_What is required_
Scan the listing below. Return every line containing the string "Drive".
======== Task input
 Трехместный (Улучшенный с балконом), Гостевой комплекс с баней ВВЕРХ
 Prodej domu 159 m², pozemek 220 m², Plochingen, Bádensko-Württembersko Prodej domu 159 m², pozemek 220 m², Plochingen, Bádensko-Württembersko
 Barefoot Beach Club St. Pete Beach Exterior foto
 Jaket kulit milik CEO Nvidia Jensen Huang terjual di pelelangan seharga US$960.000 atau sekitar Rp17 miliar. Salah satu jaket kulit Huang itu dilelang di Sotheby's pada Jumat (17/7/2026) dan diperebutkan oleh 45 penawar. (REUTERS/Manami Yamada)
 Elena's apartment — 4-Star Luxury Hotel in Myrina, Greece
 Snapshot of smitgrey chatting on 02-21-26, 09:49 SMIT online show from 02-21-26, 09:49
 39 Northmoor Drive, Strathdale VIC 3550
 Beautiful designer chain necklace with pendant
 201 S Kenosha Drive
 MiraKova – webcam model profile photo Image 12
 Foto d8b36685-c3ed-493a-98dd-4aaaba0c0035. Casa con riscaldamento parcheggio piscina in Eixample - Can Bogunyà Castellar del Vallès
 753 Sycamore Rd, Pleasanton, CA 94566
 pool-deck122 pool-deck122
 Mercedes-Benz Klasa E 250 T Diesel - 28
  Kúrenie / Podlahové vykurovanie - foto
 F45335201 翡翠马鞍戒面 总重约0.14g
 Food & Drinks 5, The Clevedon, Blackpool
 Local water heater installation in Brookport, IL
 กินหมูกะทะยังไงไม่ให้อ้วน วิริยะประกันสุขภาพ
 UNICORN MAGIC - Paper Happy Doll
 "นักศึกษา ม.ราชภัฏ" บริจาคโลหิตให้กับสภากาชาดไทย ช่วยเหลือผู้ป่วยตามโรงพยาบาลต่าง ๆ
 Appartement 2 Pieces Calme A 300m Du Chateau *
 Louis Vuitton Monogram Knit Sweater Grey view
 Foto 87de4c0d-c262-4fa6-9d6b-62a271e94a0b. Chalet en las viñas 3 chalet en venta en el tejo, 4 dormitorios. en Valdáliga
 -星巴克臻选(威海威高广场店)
================
_Answer to this exercise_
 39 Northmoor Drive, Strathdale VIC 3550
 201 S Kenosha Drive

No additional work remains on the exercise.